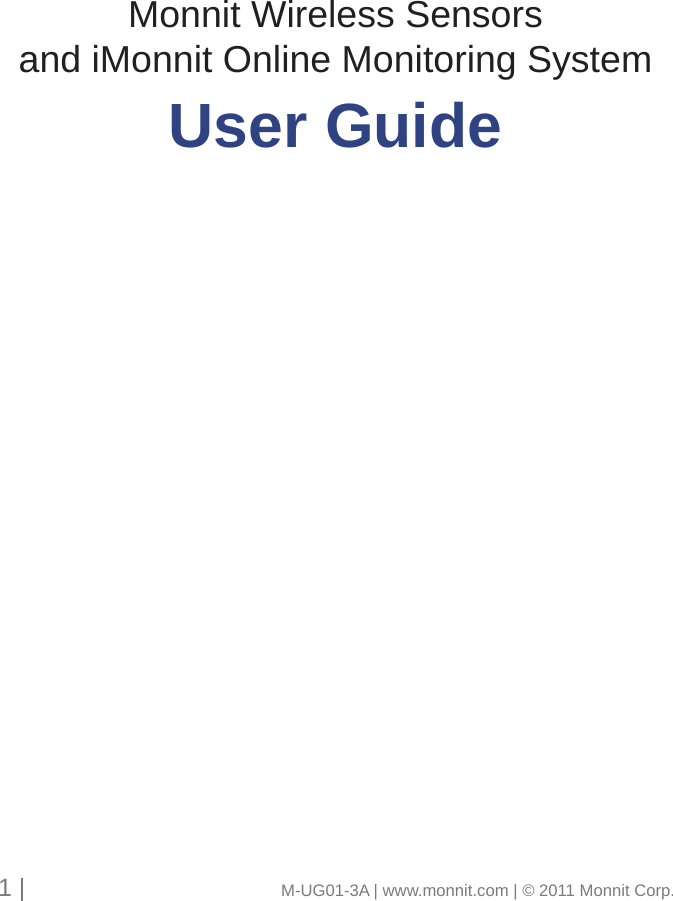 Monnit Wireless Sensorsand iMonnit Online Monitoring SystemUser Guide1 |                                       M-UG01-3A | www.monnit.com | © 2011 Monnit Corp.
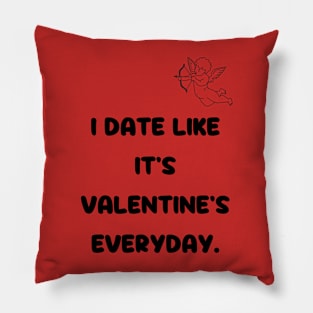 Date Like Its Valentines Everyday Pillow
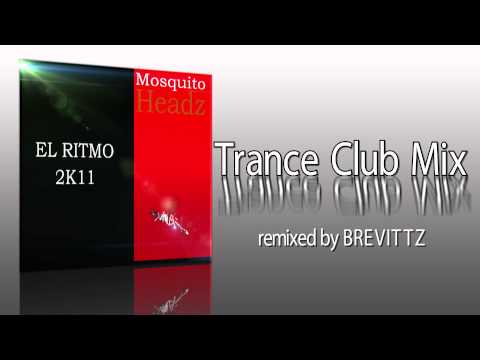 El Ritmo 2K11 - Mosquito Headz  - Trance Club Mix remixed by Brevittz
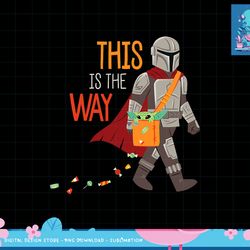 star wars the mandalorian grogu this is the way halloween png, sublimation copy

_WORK TASK_
Restate, exactly as they appear, the line with "Date Like Its Valentines Everyday Pillow" and all the lines after it up to the end of the data above; images do not belong in the copy.

_TASK SOLUTION_
 Date Like Its Valentines Everyday Pillow
 El Ritmo 2K11 - Mosquito Headz  - Trance Club Mix remixed by Brevittz
 star wars the mandalorian grogu this is the way halloween png, sublimation copy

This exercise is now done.